The advances seen in state capitols, often considered laboratories for federal rulemaking, offer a glimpse into how a Kennedy-run Department of Health and Human Services might turn MAHA priorities into regulation. The White House is set to release a final MAHA report, which will include recommendations to fight chronic disease.
Details: POLITICO tracked nearly 900 measures on MAHA-aligned subjects that were introduced in 50 states this year — a 45 percent increase from the previous year and measures introduced in 2023 among the four states that meet every two years. Measures ranged from banning the use of food dyes to limiting children's access to social media over mental health concerns to restricting the use of mRNA, the technology behind the Pfizer and Moderna Covid-19 vaccines.

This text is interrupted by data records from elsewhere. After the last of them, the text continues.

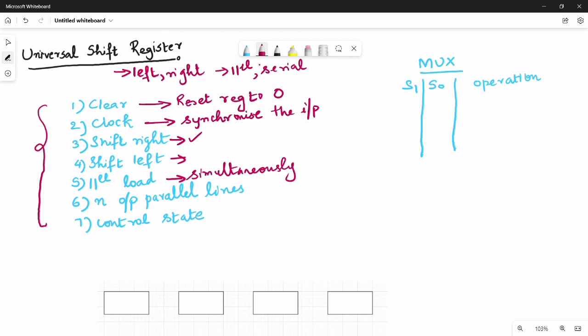There are N output parallel lines — N different output parallel lines. Then there is a control state. If you use the control state, we have an unchanged state — meaning there is nothing to change. You can use control state or input in unchanged state.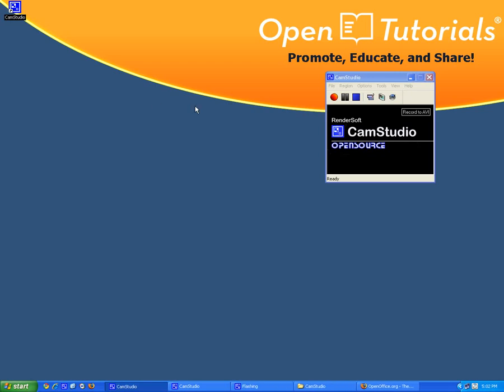Welcome to OpenBook Tutorials. Today I'm going to be talking about cursor options.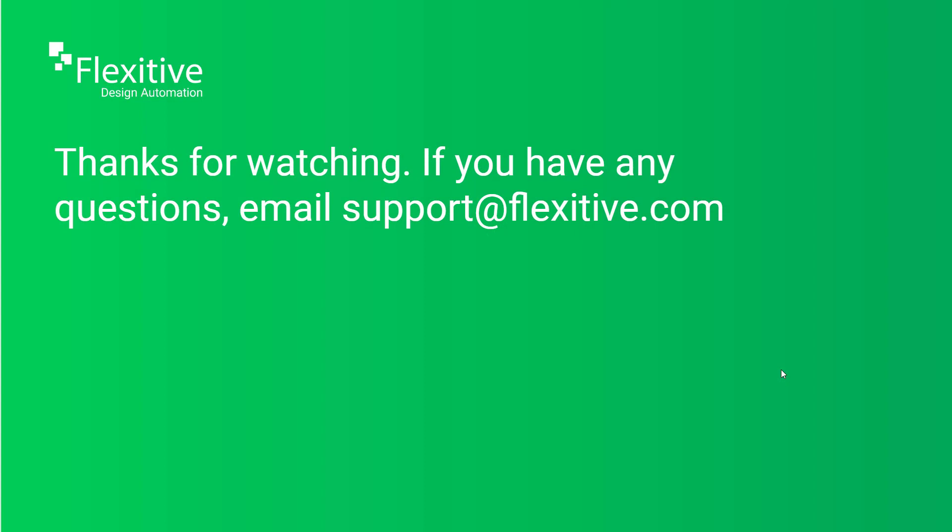If you like the video please feel free to like and share it on your favorite social media platforms. Otherwise, thanks for watching and have a great day.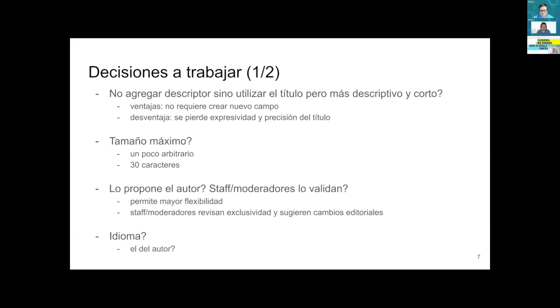I thank you for the feedback received and for the support. We are going to continue doing this in the discussion list, create a new version including the things we discussed. For example, if there is a proposal that might not need a short descriptor, you can use the same title. But the title has to be very precise — the title should be longer and the descriptor has to be brief.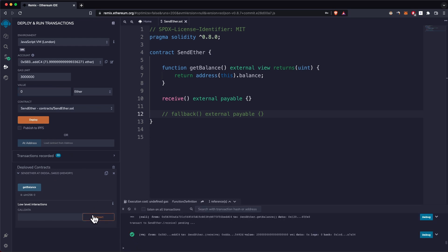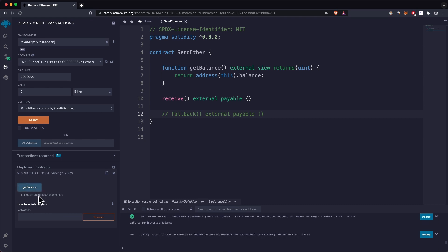If you pull up the terminal, we'll see the transaction was successful. Now if I click on getBalance, you can see I have 2 Ether represented in wei and that's why it has a lot of digits.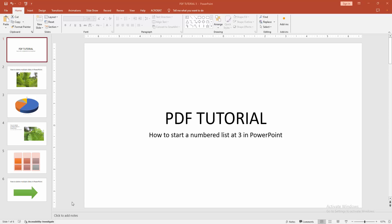Assalamualaikum. Hello friends, how are you? Welcome back to another video. In this video, I'm going to show you how to start a numbered list at 3 in PowerPoint. Let's get started.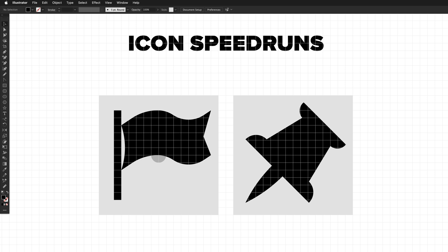In today's episode, we'll be speedrunning a flag icon and a pushpin icon. I'll start by creating them as quickly as I can, and then I'll go through both icons step by step, discussing all the techniques used.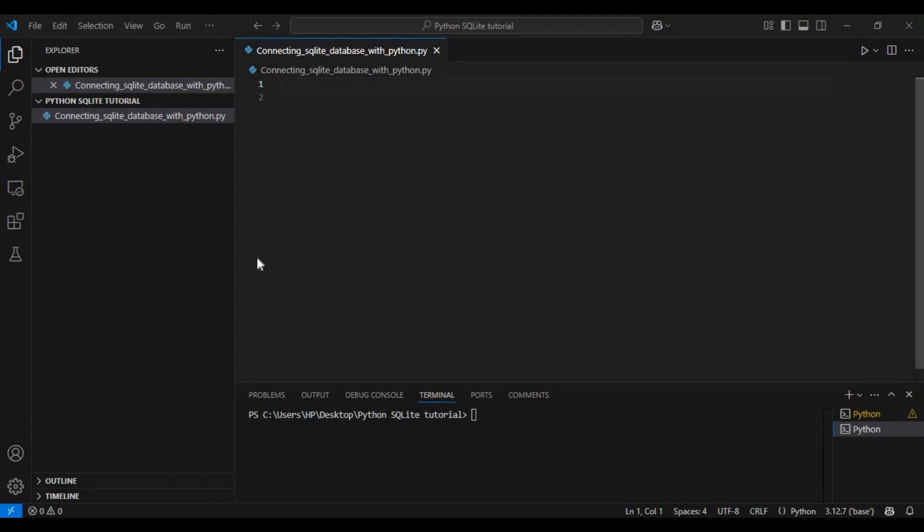You can see here, this is my Visual Studio Code editor, which I have already opened. The first step in working with SQLite is to establish connection to the database. In Python, we do this using the SQLite3 module, which comes pre-installed. So let's start by writing a few lines of code.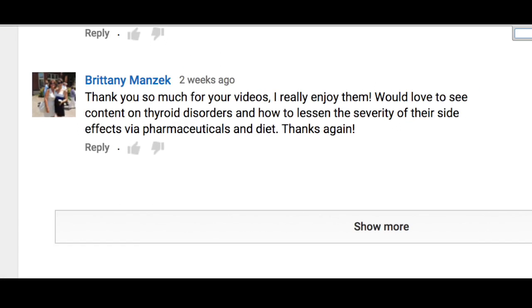Hi guys, welcome to Empower. My name is Caroline Porter Thomas. Thank you so much as usual for watching my YouTube channel. I got a video request from Brittany Manzik who said: 'Thank you so much for your videos, I really enjoy them. Would love to see content on thyroid disorders and how to lessen the severity of their side effects via pharmaceuticals and diet.'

The surge in state activity underscores the growing political clout of the MAHA base, which cuts across party lines, and offers MAHA supporters a chance to secure policy wins outside a White House navigating competing interests. Following intense pressure from agricultural lobbyists, the Trump administration assured farm groups earlier this summer that the final MAHA report would include no new policy around pesticide use despite linking the chemical to cancer in a May draft report.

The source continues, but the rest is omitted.